Miss Anne Lamott’s book Bird by Bird is one of my favourite books when
it comes to creative writing. It is also one of the first books that I did read
when I started getting interested in writing. While there are other books
written by her as well, the one that focuses on creative writing is Bird by
Bird. So, I have curated some of these snippets and lessons from this book.
Starting with,
1. Blennies are boring.
Write with Open Mind.
Blenny is the type of an undersea fish that lives in the deepest areas
of the sea, usually in rock bed. It keeps on sitting there in its tiny cave
with its partner and kids. Most of the blennies, in their short life, don’t
even rise to the surface of a sea let alone look above in the sky.
So, if I chose to write like a blenny, then most of my writing/poetry
will be about one corner of a rocky seabed. Not very interesting.

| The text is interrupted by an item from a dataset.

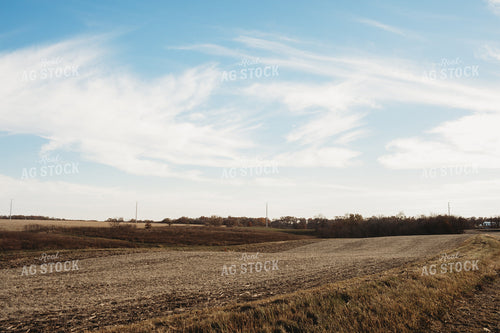 Harvested Bean Field and Terrace 3587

Saying this, Miss Lamott writes,
“Who knows what this
urge is all about, to appear somewhere outside, instead of feeling stuck inside
your muddled but stroboscopic mind, peering out like a little undersea animal
— a spiny blenny, for instance from inside your tiny cave?”
2. Pay Attention
Paying attention is of course an important characteristic for any kind
of creative writing or poetry.
Miss Lamott writes,
“There is ecstasy in paying attention.”
“Writing is about
learning to pay attention and to communicate what is going on.”
(Yes)
“The writer is a
person who is standing apart, like the cheese in “The Farmer in the Dell”
standing there alone but deciding to take a few notes. You’re outside, but you
can see things up close through your binoculars.”
3. The Unparalleled
Mastery - Take it Bird by Bird
This is perhaps one of the biggest principles of every
great artist, which I am still trying to learn these days.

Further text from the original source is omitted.